Hairston didn't stop having conversations with customers once Kuiu launched, either. He shares his email address on his blog and on social media and makes an effort to respond quickly. Their input occasionally leads to new product development. Kuiu started a line of sleeping bags at the suggestion of a customer. In some cases, Hairston says Kuiu has made changes to products in the middle of production based on feedback.

"Within our company, we have to be remarkable at everything we do," Hairston says, alluding to Seth Godin's 2002 book Purple Cow: Transform Your Business by Being Remarkable. "Whether it's the product, whether it's the brand experience, whether it's the way we answer the phones, the way we address customers, the furniture that I put in the office."

Hairston has built a culture around handwritten thank-you notes, which he writes regularly. Each of Kuiu's 11 customer service representatives and its showroom manager are required to write at least five thank-yous per day, but they often write more. Hairston estimates that the company will send between 40,000 and 50,000 paper thank-yous this year alone.

"Businesses, in the past, used to do that," says McCade Hunt, a senior customer service representative at Kuiu. "Now it's a quick email, now it's a quick text or a phone call. So I think now, when you see a card come through from the representative who you spoke to, it really solidifies the entire experience as a whole."

Hunt says that he has developed relationships with some of Kuiu's regulars. He adds that some of his colleagues have gone on hunting trips with customers they've gotten to know, and that he has tentative plans to go to Idaho with some of his customers-turned-friends next year.

Kuiu's niche gear has even attracted some celebrities, from Kid Rock to retired MLB pitcher Jeremy Affeldt. When his customer service team got a call from Donald Trump, Jr., for advice on what to bring on a Yukon sheep hunt, they let Hairston know right away. Hairston was sure to handwrite him a thank-you note and ultimately become friends with him and his brother, Eric. He later met presidential candidate Donald Trump at an industry conference.

"It's cult branding, you can't get it at retail, it's kind of hard to say the name," Hairston says. But Hairston emphasizes that he doesn't pay anyone to sport Kuiu. "We don't outsource our credibility," he says.

Outside of hunting, Kuiu's equipment has found several applications. The company has partnered with the Navy SEALS on a line of gear, and once Disney discovered Kuiu's patented lightweight carbon fiber, the company called Kuiu to inquire about using the frames in its character costumes to alleviate head and neck pain for wearers.
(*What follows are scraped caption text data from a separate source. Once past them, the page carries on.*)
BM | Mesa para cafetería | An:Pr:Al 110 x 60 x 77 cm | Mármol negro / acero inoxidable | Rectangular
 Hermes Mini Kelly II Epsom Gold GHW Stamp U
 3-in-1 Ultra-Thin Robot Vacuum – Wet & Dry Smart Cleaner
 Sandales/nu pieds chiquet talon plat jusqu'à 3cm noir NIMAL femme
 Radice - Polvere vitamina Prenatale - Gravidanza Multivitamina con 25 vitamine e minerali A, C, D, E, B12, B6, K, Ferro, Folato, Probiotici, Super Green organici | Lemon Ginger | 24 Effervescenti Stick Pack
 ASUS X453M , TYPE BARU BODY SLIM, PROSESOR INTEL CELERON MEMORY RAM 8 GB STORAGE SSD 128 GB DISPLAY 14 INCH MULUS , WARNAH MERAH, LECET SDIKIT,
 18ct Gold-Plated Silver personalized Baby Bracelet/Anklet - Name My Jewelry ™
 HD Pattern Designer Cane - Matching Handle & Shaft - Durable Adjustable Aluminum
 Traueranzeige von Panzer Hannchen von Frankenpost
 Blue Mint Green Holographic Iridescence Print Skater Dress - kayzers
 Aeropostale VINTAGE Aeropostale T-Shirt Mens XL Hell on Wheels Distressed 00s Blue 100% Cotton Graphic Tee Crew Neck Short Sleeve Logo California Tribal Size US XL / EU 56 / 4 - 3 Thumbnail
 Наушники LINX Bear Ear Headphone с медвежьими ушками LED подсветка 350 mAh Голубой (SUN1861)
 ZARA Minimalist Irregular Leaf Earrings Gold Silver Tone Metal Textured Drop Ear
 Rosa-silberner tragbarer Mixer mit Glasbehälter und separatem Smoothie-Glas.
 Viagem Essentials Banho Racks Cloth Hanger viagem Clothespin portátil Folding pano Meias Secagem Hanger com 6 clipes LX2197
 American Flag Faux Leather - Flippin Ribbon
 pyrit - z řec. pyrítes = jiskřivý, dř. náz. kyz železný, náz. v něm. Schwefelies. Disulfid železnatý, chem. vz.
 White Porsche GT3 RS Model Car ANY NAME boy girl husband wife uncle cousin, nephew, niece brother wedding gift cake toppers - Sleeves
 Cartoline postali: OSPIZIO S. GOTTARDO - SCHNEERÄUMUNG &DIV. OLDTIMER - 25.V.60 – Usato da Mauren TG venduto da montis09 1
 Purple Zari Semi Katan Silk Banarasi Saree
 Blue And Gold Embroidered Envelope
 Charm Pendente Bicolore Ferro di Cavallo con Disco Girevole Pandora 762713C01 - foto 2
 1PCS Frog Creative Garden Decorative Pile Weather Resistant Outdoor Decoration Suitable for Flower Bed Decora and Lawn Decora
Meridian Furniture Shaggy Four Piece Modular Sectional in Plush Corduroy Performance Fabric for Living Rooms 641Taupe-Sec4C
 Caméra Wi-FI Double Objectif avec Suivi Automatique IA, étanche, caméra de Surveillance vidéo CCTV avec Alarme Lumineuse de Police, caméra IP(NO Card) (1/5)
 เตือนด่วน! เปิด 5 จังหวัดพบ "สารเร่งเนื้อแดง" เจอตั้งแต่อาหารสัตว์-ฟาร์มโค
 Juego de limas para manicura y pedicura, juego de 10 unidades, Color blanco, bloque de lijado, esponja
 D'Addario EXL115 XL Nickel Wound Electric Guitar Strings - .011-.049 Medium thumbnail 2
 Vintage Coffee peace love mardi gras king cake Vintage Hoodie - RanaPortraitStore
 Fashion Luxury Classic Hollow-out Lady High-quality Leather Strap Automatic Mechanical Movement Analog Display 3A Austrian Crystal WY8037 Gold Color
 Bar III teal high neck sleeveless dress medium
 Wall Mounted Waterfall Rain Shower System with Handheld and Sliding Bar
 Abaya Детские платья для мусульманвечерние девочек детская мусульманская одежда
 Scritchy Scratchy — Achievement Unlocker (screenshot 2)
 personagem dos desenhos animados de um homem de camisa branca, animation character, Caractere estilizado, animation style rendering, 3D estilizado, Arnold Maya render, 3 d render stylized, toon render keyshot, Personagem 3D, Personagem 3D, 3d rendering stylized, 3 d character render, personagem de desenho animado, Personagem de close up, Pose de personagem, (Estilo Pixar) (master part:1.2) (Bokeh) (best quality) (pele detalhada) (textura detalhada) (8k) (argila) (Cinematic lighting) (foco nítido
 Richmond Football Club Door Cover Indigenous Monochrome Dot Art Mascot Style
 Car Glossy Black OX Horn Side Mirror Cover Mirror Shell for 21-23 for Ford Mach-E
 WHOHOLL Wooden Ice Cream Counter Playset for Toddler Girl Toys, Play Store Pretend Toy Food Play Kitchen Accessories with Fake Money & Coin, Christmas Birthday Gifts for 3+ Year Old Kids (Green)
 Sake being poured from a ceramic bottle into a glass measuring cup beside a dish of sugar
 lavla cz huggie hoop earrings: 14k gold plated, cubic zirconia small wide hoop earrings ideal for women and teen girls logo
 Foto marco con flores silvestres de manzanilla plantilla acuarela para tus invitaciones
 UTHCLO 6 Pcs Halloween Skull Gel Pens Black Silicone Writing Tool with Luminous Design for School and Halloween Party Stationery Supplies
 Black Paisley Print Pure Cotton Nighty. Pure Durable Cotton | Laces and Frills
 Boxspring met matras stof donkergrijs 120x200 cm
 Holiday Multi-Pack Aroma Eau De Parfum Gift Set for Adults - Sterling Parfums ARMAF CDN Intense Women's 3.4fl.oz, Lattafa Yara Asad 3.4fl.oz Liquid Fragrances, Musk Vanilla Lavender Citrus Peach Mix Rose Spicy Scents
To this day, Hairston is involved with every aspect of Kuiu. In line with his independent style, he has not pursued venture funding or private equity, instead accepting a personal loan from a family friend to get Kuiu off the ground. He later met with more than a dozen banks, all of whom denied him because of, as Hairston puts it, Kuiu's lack of an accounts receivable division. Eventually, a bank owner with whom he had a family relationship finally gave him the green light for an SBA loan last year. As a result, Kuiu doesn't have a board of directors or advisors. Hairston says he still owns 70 percent of the company's equity.

"It's all those little things that we do that has built this company into something special without a lot of money," Hairston says. "It's powerful. It's cheap. But it's a lot of work."